Once "300433藍(lán)思科技贏家黃金時間周期線工具" turns up in a line below, reproduce that line and those after it exactly, stopping after the line with "4t Rally Catalunya Històric 2020"; leave pictures out.

- [Source material]:
---------------
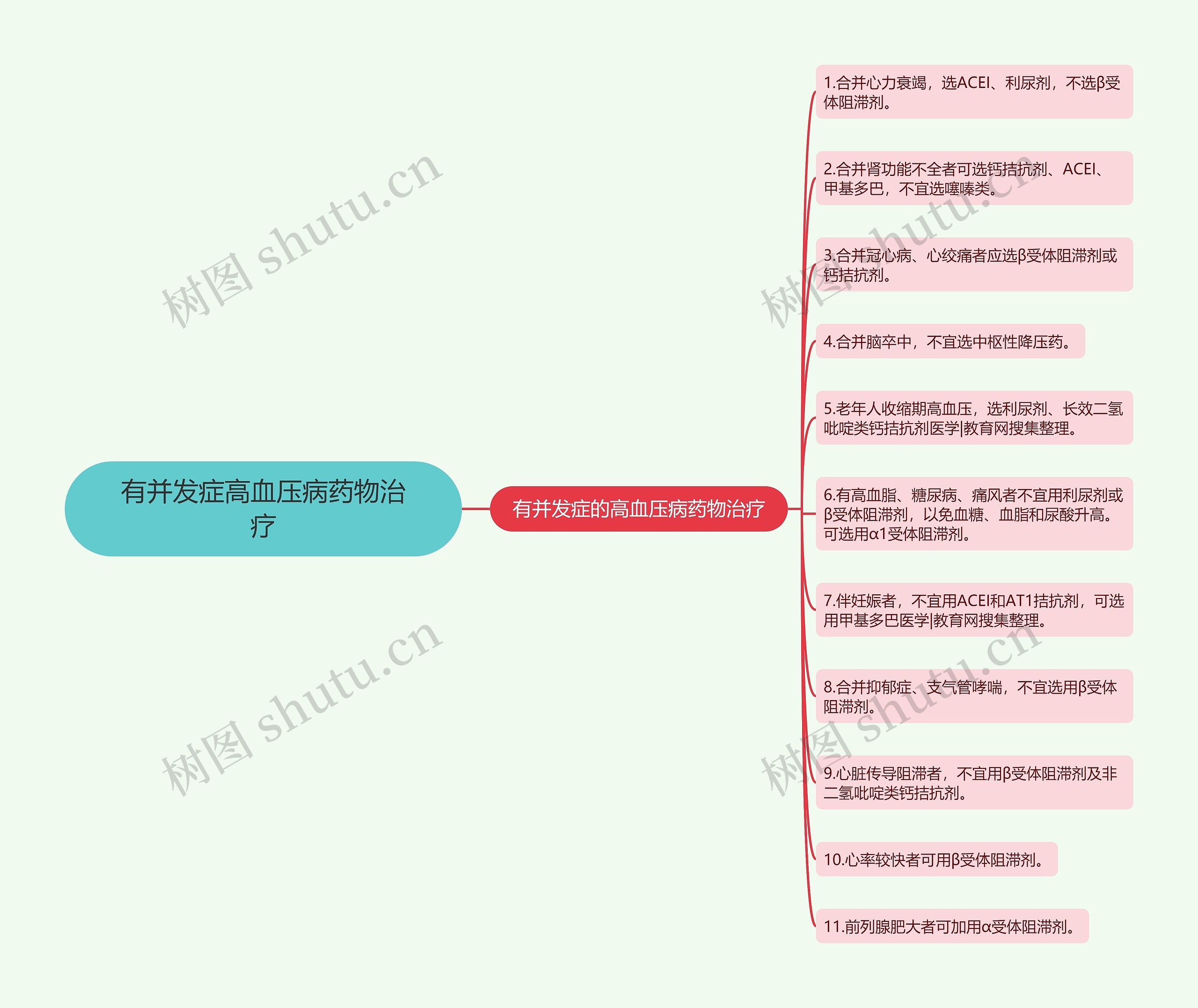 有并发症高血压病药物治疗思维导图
---------------
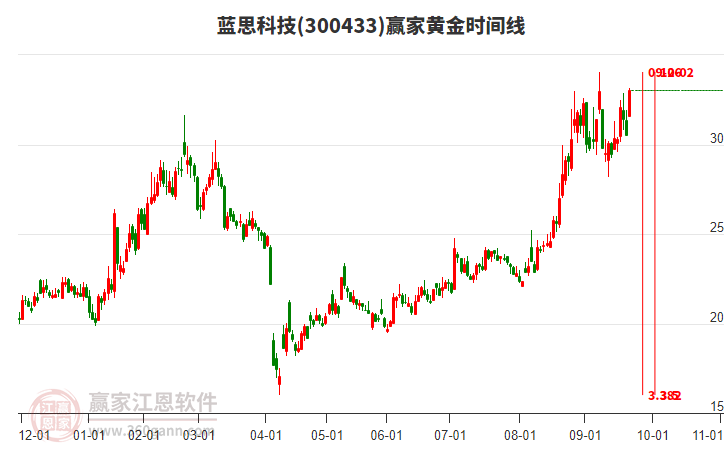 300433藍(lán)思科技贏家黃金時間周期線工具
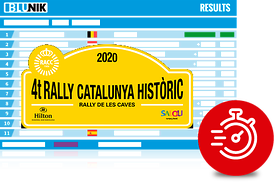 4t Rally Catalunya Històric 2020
---------------
- [Response to this task]:
 300433藍(lán)思科技贏家黃金時間周期線工具
 4t Rally Catalunya Històric 2020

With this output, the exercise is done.